The pathologic changes that occur in these diseases are, of course, a lot more complex than just what occurs at the synapses. A research team at the prestigious Massachusetts General Hospital states: “In Alzheimer’s disease, glial cells (cells surrounding neurons) derived from mesoderm (one of the three primary germ layers in the very early embryo) function as scavengers in the nervous system. These cells accumulate near amyloid with mutations in them enhancing the disease.
“The inability to scavenge the produced amyloid plaques causes events that further affect the cells, leading to damaging inflammation; in Parkinson’s disease, activated microglia are stated to be high in the damaged brain structure.”
Scans have been reported to show serious “inflammatory microglia early in the course of the disease, and evidence suggests that the same sort of ‘double-edged sword’ situation seen in Alzheimer’s disease also occurs in Parkinson’s.”
Though much of this may sound like Greek to those who are not directly in the field, this should give us an indication of the tremendous complexity of the challenges facing medical researchers in this field. No one fully understands what causes the dreaded neurodegenerative diseases like Alzheimer’s. It is believed that there may well be a genetic component to it. A combination of genetic, environmental and lifestyle factors has all been suggested as contributors to the onset of this illness.

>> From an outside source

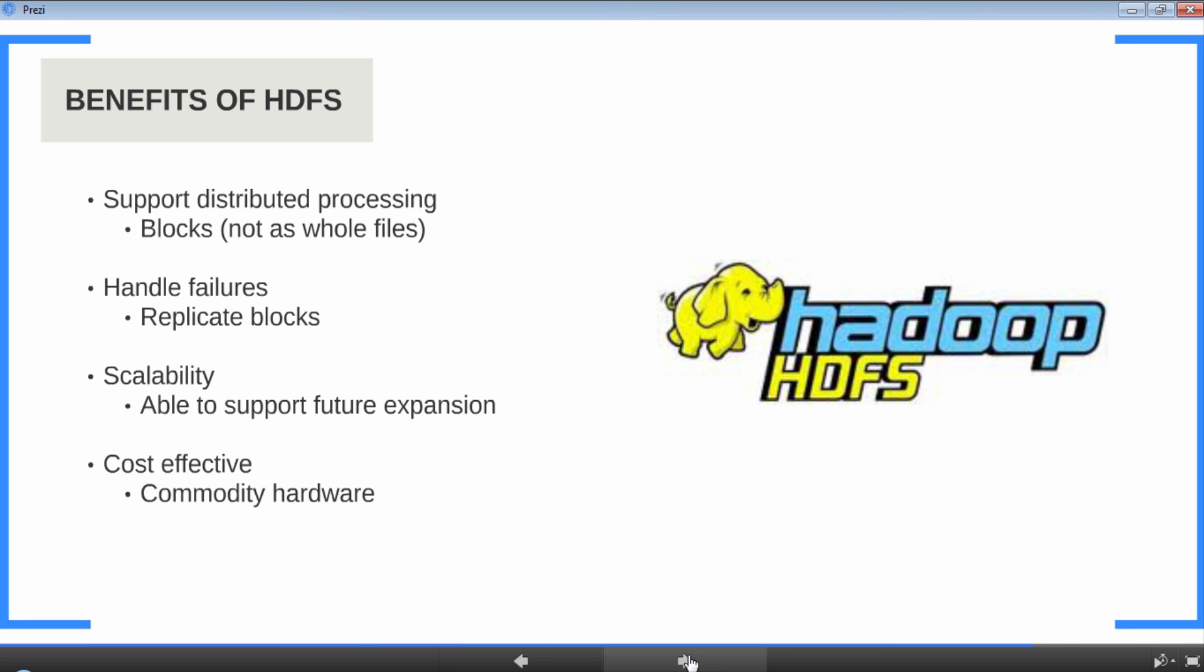So let's summarize what we learned in this lesson. First, we looked at what is a file system and its functions, and we also looked at the major file systems that are available right now. Next, we talked about the need for a new distributed file system like HDFS and compared a local file system like ext4 with HDFS. And finally, we saw the benefits of HDFS. Okay, with that, let's wrap this lesson. See you in the next lesson.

The question is why Alzheimer’s strikes older people more. Age-related changes have been reported to include the shrinking of parts of the brain, inflammation, unstable free radicals, and a breakdown of energy production within a cell. Understanding how one goes from this to the dramatic changes that occur in a beloved relative, to ultimately losing her/him while being still physically present, is the great challenge facing researchers in the field of Alzheimer’s disease. Spectacular advances have been achieved in this field in recent years. One of the most prominent findings in Alzheimer’s disease is the development of aberrant proteins as plaques and tangles. Advances in brain imaging techniques allow researchers to see the development of abnormal proteins in the brain. Scientists are also exploring the very earliest steps in the disease process by studying the changes in the brain and body fluids that can be detected years before symptoms of the disease appear. Findings from these studies could not only make diagnosis easier, but even help understand the cause of the disease, the Holy Grail for researchers on any illness.
Another approach to understanding complex disease processes has been to try to gain an insight into how animal nervous systems evolved from simple structures to become a complex network, transmitting signals between different parts of the body.

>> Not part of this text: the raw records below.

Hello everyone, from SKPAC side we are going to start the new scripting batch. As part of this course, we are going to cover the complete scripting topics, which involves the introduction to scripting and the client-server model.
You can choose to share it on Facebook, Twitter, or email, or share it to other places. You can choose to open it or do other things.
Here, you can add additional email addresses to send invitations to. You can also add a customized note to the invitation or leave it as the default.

A promising example is a new study at the University of Exeter, using simple multi-cellular organisms to reveal the beginnings of the nervous systems found in more complex animals.
With the BRAIN (Brain Research through Advancing Innovative Neurotechnologies) Initiative in various countries, we are making progress, though in reality, we may still know only a small percentage of the brain’s complex chemistry. A very hopeful sign has been the increasing interest students in universities have been showing in pursuing neuroscience as a career.
What is required is active support from the government for continued research in the neurosciences.
(The author is Lon von Duddleson Krumb Professor of Mineral Engineering at Columbia University. He heads a team doing research on brain diseases using electron spin resonance.)